• Task prompt: Set down exactly the lines running from the one with "Ben Blair - Lillibridge Will - E-Book" to the last line of the listing below, both included, and skip every picture.

Segment Start: Available data

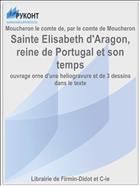 Sainte Elisabeth d'Aragon, reine de Portugal et son temps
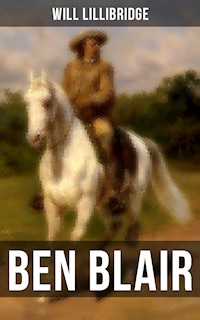 Ben Blair - Lillibridge Will - E-Book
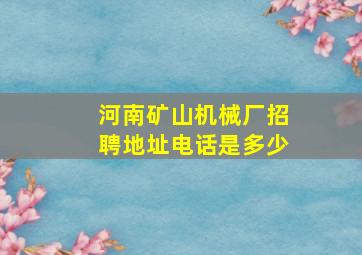 河南矿山机械厂招聘地址电话是多少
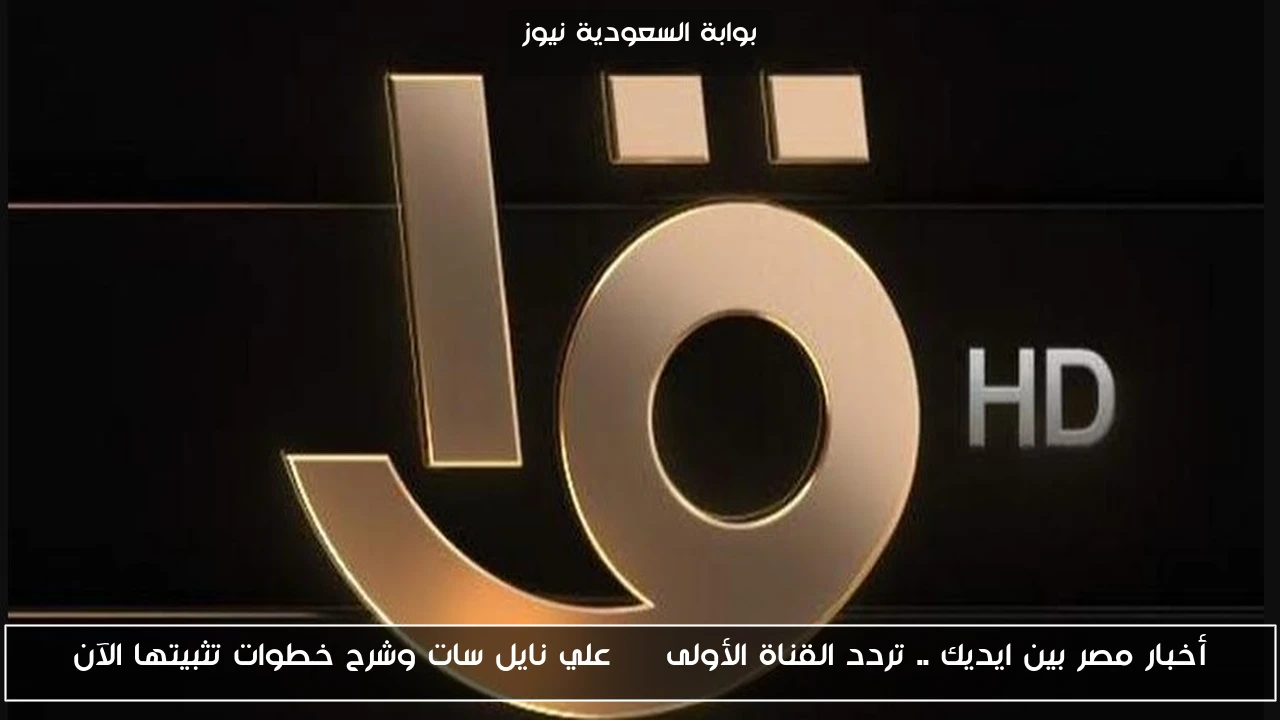 أخبار مصر بين ايديك .. تردد القناة الأولى HD علي نايل سات وشرح خطوات تثبيتها الآن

Segment End: Available data

• Task result:
 Ben Blair - Lillibridge Will - E-Book
 河南矿山机械厂招聘地址电话是多少
 أخبار مصر بين ايديك .. تردد القناة الأولى HD علي نايل سات وشرح خطوات تثبيتها الآن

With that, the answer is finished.